L’alta ispirazione ideale, l’obiettivo di una società libe­ratrice dell’uomo, si contrappone alla tragica mascheratura che si vuole accreditare dall’esterno; essa prende luce dagli atteggiamenti che i protagonisti assumono via via che gli episodi si svolgono, quasi ubbidissero ad una profezia che sin dall’inizio del dramma segna la nascita del secondo figlio di Corrado e nel fratello Aurelio la tragedia di chi intravede il disastro e si accorge di essere impotente a salvare i suoi cari, e l’umanità con essi, a rompere il cerchio dei pregiudizi, dei miti, delle complicità irreali di mentalità incrostate a tradi­zioni crudeli; consapevolezza di chi ha il cuore puro e sa leggere negli eventi, sa già come tutto andrà a finire, e la previsione trova conferma nel finale in cui il senso della ve­rità avvolge un trionfo, ma solo quello della morte.

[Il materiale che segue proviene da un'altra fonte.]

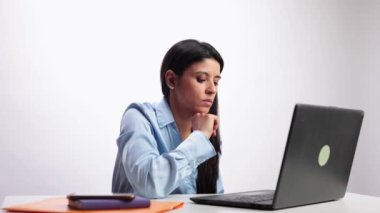 Ofis çalışanı, beyaz arka planda ağır çekimde gösterilen dizüstü bilgisayarı kullanırken boyun rahatsızlığı yaşıyor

Le scorie deposte dalla lunga consuetudine borghese ed il conformismo piatto a cui si adattano facilmente le masse acefali, impediscono di accettare il ragionamento della lo­gica umana, derivante da una pienezza di esperienze radicate nella realtà, da divenire saldi fattori di emancipazione del­l’uomo e dell’umanità. La letteratura che affronta e com­batte apertamente la guerra e il militarismo, che ne è lo stru­mento determinante, è carente di opere vive. Il pubblico disinformato, non trovando nel saggio o nel romanzo la chiave che dà soluzioni di pace ai conflitti armati tra Stati e alle stragi prodotte dalle guerre, cosi pensa l’autore, tro­verà nel teatro, nella rappresentazione, lo stimolo che lo aiuterà a prendere coscienza di una realtà che lo minaccia, a individuarne i responsabili e gli esecutori, a cercare altri con i quali legare, ai problemi e alle lotte contingenti, quelli della rivolta alla guerra, alla sovrappopolazione, al razzismo, alla fame — e tutti i rischi mortali della nostra incivile civiltà — in una contagiosa attesa della fine di un mondo troppo vecchio per le idee nuove.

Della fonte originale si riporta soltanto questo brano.